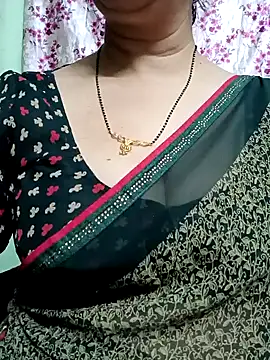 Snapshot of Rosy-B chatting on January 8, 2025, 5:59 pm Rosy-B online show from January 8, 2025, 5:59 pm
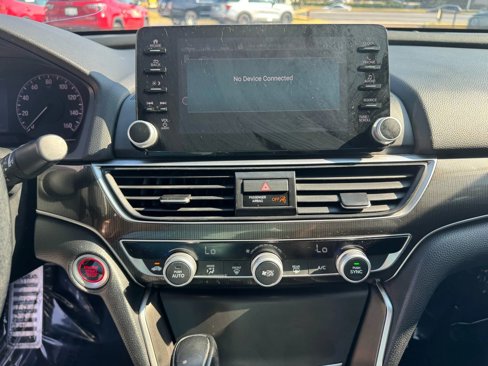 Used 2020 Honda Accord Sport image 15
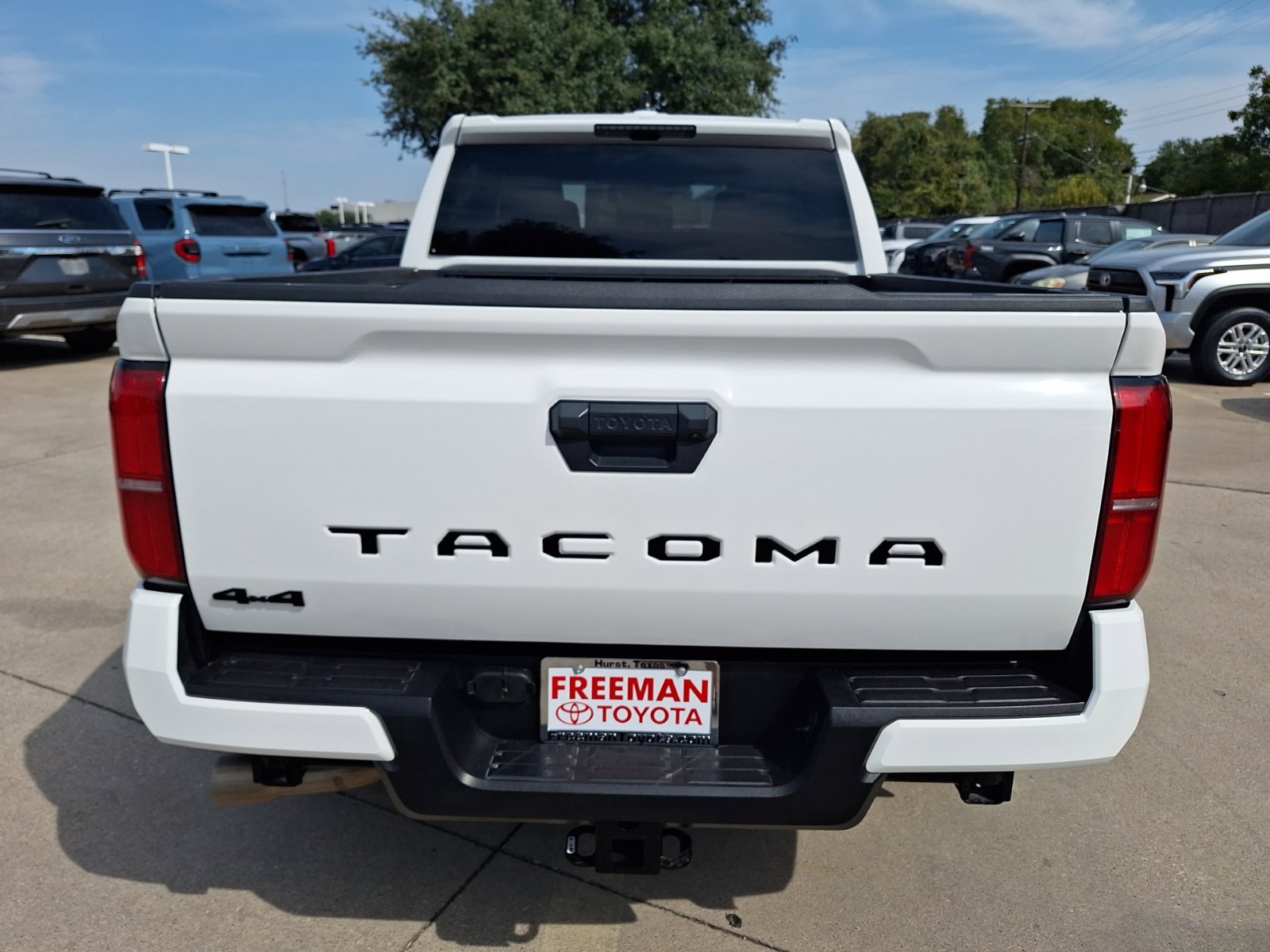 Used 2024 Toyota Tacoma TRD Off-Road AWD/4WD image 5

§

Please produce an exact copy of the listing, omitting the pictures.

 Snapshot of Rosy-B chatting on January 8, 2025, 5:59 pm Rosy-B online show from January 8, 2025, 5:59 pm
 Used 2020 Honda Accord Sport image 15
 Used 2024 Toyota Tacoma TRD Off-Road AWD/4WD image 5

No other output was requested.